Epigraphers already encode and structure their data. The Leiden system is one example of this; as is Petrae. Although perhaps an obvious point, it should be (re)stated that the digital environment does not impose on text the physical constraints of a print publication. On the first day in particular, the discussion dealt at length with the problems posed by cumbersome and expensive ‘traditional’ book publication. Most mainstream academic publishers will simply not be interested in publishing hundreds, or even thousands, of colour images for academic purposes. An interesting distinction was drawn with the physical sciences, where an intellectual tradition of electronic publishing has developed: it was noted that this has led to a democratization of knowledge. Producing a digital edition, however, is in and of itself an interpretive research act. Traditional index and traditional contents pages document and refer to page numbers. Semantic, qualitative mark-up however, of the kind offered by EpiDoc, allows much richer searching and information retrieval, but deciding on the structure of such links is an interpretive rather than a technical process.

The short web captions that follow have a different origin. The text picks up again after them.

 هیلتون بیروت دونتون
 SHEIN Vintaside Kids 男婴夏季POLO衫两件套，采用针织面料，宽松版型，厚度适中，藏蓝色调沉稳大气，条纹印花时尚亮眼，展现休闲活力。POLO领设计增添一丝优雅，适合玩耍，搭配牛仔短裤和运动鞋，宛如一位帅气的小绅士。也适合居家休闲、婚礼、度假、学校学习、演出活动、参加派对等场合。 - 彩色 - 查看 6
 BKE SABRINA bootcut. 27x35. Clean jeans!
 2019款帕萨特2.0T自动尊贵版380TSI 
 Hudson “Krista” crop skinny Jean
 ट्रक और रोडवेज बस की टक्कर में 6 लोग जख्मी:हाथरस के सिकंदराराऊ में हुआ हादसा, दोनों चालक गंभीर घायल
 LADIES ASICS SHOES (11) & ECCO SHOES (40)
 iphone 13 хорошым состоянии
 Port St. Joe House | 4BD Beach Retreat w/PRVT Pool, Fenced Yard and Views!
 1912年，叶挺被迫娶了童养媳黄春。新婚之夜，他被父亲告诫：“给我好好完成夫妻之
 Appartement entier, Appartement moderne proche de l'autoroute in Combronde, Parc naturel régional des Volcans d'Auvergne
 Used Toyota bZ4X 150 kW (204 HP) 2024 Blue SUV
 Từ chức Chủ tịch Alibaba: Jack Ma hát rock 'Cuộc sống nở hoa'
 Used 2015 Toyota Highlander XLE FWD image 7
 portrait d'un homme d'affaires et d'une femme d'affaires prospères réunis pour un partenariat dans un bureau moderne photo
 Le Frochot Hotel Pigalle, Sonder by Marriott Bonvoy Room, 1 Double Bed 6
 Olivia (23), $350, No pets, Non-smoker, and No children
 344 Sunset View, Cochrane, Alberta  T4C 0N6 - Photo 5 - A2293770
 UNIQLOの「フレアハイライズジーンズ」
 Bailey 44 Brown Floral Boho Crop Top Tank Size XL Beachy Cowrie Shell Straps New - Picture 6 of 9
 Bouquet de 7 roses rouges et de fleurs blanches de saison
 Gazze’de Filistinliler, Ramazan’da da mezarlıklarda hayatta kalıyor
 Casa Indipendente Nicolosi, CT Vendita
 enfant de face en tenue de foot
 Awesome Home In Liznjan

Participants agreed as a general principle that if you make detailed information about your research processes, your data, and (in computational terms) any code you write available, others can use it for analytical work in the future. The lack of reuse of information once it has been published is a major issue in ephigraphic studies - i.e. in career terms, publication is often seen as an end in tis own right, rather than a means of provoking more research questions. This does not simply provide benefit for future researchers. It adds a whole new layer of documentation, which enables the testing and (re)validation of one’s research outcomes.

It was noted that much early epigraphic recording practice focuses solely on transcribing the text of an inscription (the case of John Gandy Deering was cited), and takes no account of its physical context that might profoundly affect the meaning and interpretation of the inscription. There is a need to include as detailed data as possible: both about the monument inscribed and about the text of the inscription.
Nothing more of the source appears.